#11

516 64 21
                                    

Charles dün sabahtan aşina olduğu bir manzarayla uyandı. Erik'in yine karar değiştirip bugün ona kötü davranacağını zannediyordu. Ama sanki görev yeri orasıymış gibi yine pencere önünde oturmuş bu sefer dışarıyı izliyordu.

"Kaçta uyanıyorsun sen?" Charles bunu sorma gereği duymuştu çünkü kendisi en geç sekiz buçukta uyanırdı dersleri kaçırmamak için. Hafta sonu olsa bile bu alışkanlığını terk edemiyordu. Belki de babasının ona aşıladığı bir şeydi.

Erik ise sanki saatlerdir orada oturuyor gibiydi. Charles'a garip gelen bir diğer şey ise onunla konuştuğunda bir an irkilmesiydi. Pek duygularını belli etmeyen birini ürkütmeyi başardığına sevinse mi, bilemedi.

Charles yerinde doğrulup saçını başını düzeltmeye başlasa da Erik hâlâ ona dönüp bakmamıştı. Yine de zar zor duyulan bir sesle konuşmuştu.

"Arkadaşın olmamam senin için daha iyi ama bırak da sana bir faydam dokunsun." Charles yataktan kalkıp yanına doğru ilerledi ve yüzünü görmeye çalıştı. Erik de onun aksine kafasını iyice kollarının arasına gömmüş gözlerini pencereden ayırmıyordu.
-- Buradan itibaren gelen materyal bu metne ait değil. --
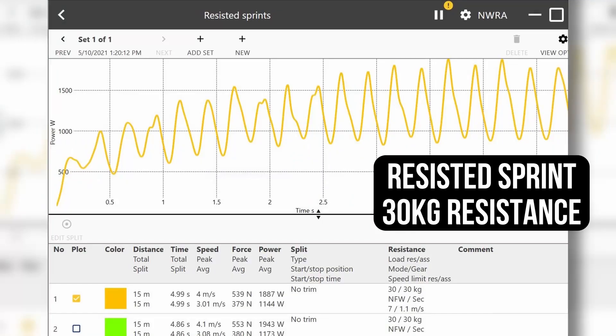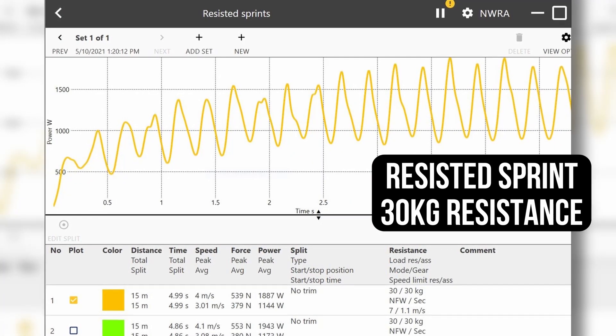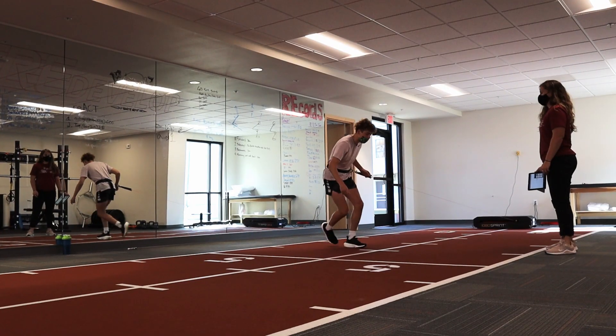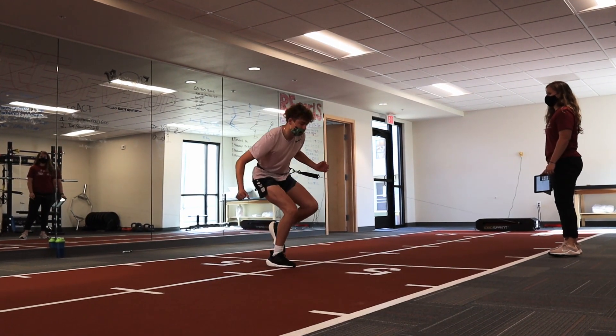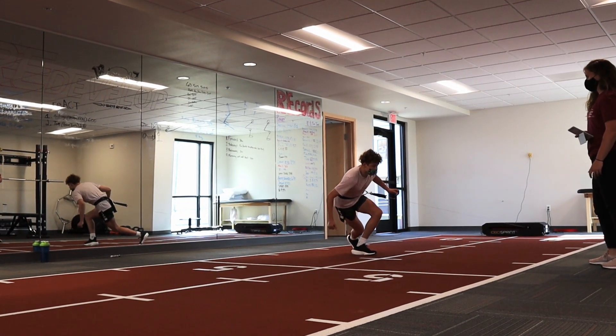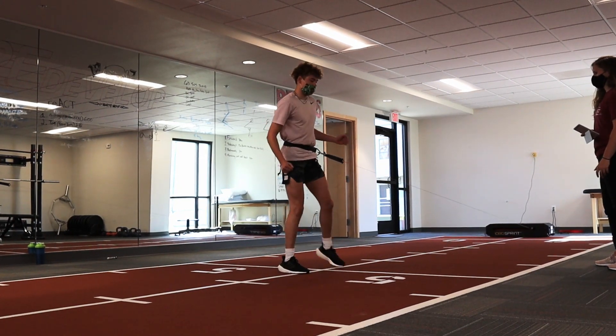After doing these resistance sprints for every individual person, we can calculate what kind of resistance we need them running against and train them at the resistance that's going to be optimal for their power production and speed. The 1080 allows us to load and overload an athlete so that we're giving them that stimulus they're going to experience in a game-type environment. That helps us get them ready, but I also think that's a huge mental boost for them as well.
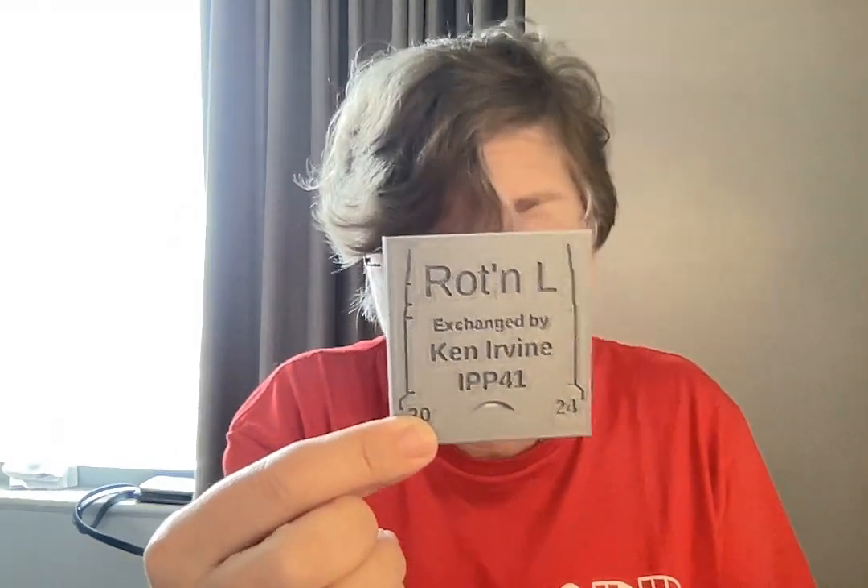Here we have a puzzle called Rotten L, designed in exchange by Ken Irvine, and this one is kind of sneaky. There are a number of L-shaped pieces that rotate around each other — there are four of them.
"Bu sorduğum sorunun cevabı değildi. Yine de... İlk defa bir şeyde bu kadar ısrarcı olduğunu duydum. O yüzden teklifini kabul ediyorum." Erik sonunda kafasını kaldırmış hatta yerinden bir anda kalkarak onunla yüz yüze gelerek bu sefer Charles'ın irkilmesini sağlamıştı. Charles ne diyeceğini beklerken Erik konuşmak yerine ona biraz daha yaklaşmış ve elini onun saçlarına götürerek beceriksizce toplamaya çalıştığı birkaç saç tutamını düzeltmişti. Gözlerini saçlarından yavaşça gözlerine indirdiğindeyse Charles'ın içini tanıdık olmayan duygular kaplamıştı. Neredeyse Erik'in geri çekilip tekrar pervaza oturmasına şükredecekti.

"Durumunun ne kadar kötü olduğunu öğrenmemiz gerek önce. Ne zamandır güçlerini kullanmadın?" Charles şu anda bir konu açmasına sevinebilirdi ama bu daha kötü hissettirmişti ona.

"Neredeyse beş yıl olacak."

"Peki o zamanlar bırakmana sebep olan bir şey oldu mu?" Charles elbette ki hatırlamamasına şaşırmamıştı.

"Bence ne olduğunu sen de biliyorsun. O günlerde kendime çok daha az güvenirdim. Sonra bir gün bana cesaret vermeye çalışmıştın, hatırlıyor musun?" Erik'in yüzünden hatırladığı anlaşılıyordu. Önce şaşırır gibi oldu, ardından gözlerini kaçırarak kaşlarını çattı. Charles onun hareketlerini izlerken yavaşça oturduğu yerden kalktı.

"Kahvaltı saati gelmiştir. Gecikmeyelim." Erik gitmeye niyetli bir şekilde adımlıyordu ki Charles sonradan pişman olacağını hissederek onu kolundan yakaladı.

"Hayır Erik, bu sefer kaçmak yok. Benim ne kadar güçlerim konusunda yardıma ihtiyacım varsa senin de insanlarla iletişimin konusunda var. Bir şey söylemek istiyorsan söyle ama gitme." Erik bu beklemediği hareketle düşünceli bir tavır aldıysa da sonunda ona dönmüştü.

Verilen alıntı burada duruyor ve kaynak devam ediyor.